The Chamber of Bulk Oil Distribution Companies has lauded government’s decision to scrap subsidies on petroleum products in the country.
However, the decision has caused up to 26 per cent increment in the price of fuel products and consumers have started feeling the brunt since Monday.
New figures announced by the NPA Sunday prompted a 15 per cent rise in transport fares.
The Chief Executive Officer of the Chamber, Senyo Hosi told Joy FM Monday evening that government has taken a very good step and that the funding confidence with the banks would be re-established to help provide constant supply of fuel on the market.
He indicated over GHc93 million would be lost if government did not make such a decision.

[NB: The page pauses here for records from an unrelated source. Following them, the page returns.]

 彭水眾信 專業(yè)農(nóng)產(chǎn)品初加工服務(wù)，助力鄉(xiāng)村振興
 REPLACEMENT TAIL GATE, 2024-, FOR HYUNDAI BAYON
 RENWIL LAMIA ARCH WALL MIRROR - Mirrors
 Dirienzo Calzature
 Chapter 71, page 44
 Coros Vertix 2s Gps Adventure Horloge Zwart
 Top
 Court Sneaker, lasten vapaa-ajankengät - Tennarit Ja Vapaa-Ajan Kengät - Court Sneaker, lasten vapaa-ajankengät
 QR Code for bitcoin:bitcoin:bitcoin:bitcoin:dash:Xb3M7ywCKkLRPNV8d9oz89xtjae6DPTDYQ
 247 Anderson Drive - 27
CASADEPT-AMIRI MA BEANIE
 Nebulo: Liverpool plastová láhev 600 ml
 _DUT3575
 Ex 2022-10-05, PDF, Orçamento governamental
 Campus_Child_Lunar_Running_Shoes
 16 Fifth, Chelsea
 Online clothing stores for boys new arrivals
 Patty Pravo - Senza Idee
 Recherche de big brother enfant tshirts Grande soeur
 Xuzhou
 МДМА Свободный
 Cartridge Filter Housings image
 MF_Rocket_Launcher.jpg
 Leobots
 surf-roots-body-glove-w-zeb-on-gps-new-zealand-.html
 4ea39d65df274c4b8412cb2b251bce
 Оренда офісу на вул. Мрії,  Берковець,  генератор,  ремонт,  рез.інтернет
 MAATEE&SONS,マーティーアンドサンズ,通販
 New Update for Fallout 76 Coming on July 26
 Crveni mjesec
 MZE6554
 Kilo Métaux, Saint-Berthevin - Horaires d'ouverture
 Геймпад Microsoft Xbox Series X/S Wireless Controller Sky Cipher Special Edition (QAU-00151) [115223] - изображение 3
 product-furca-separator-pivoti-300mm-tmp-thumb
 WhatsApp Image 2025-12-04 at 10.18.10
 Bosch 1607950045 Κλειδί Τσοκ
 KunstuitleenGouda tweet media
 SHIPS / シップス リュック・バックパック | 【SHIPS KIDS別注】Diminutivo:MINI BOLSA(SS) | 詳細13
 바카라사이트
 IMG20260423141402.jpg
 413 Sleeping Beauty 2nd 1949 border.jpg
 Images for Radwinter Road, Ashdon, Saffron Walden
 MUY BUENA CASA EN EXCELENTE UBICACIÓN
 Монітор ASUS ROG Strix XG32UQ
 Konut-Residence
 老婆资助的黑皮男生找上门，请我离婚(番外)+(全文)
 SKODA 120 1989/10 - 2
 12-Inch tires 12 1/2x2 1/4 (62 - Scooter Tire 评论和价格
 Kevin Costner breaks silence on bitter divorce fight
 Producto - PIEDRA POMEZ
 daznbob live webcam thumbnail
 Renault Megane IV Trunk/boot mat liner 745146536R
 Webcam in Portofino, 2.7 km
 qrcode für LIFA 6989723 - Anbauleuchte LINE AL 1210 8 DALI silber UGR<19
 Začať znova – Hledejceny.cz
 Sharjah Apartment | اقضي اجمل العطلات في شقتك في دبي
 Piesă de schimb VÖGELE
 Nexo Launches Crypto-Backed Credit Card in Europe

He noted that even though the hue and cry of consumers was understandable, they should find ways of bracing themselves for the ensuing challenges.
He said ‘The less we become dependent on it, the better it is actually for our foreign exchange because you remember, almost, everything is imported.’
Moses Asaga, the Chief Executive Officer of the National Petroleum Authority (NPA), earlier this month confirmed to Joy News the government was planning to remove subsidies on petroleum products.
He then assured that the removal of the subsidies would be done in a gradual manner so that the ordinary consumer would not be impacted negatively.
He stressed the action had become necessary because the government could no longer bear the huge cost of subsidizing petroleum products while other critical sectors of the economy yearn for resources.
From yesterday July 14, 2014, the price of petrol (premium) increased up to 23.08 per cent, meaning a litre of the commodity, which formerly sold at GH¢2.73 per litre, now sells at GH¢3.36.
Kerosene also saw a sharp boost of 23.75 per cent and diesel, 22.01 per cent. The latter, now sells at 327.00 pesewas at the pumps.
Premix fuel, which inched up by 25.60 per cent, now sells at GH¢1.57 per litre.
While liquefied petroleum gas (LPG) saw an increase of 15.68 per cent. It now sells at GH¢3.32 per litre.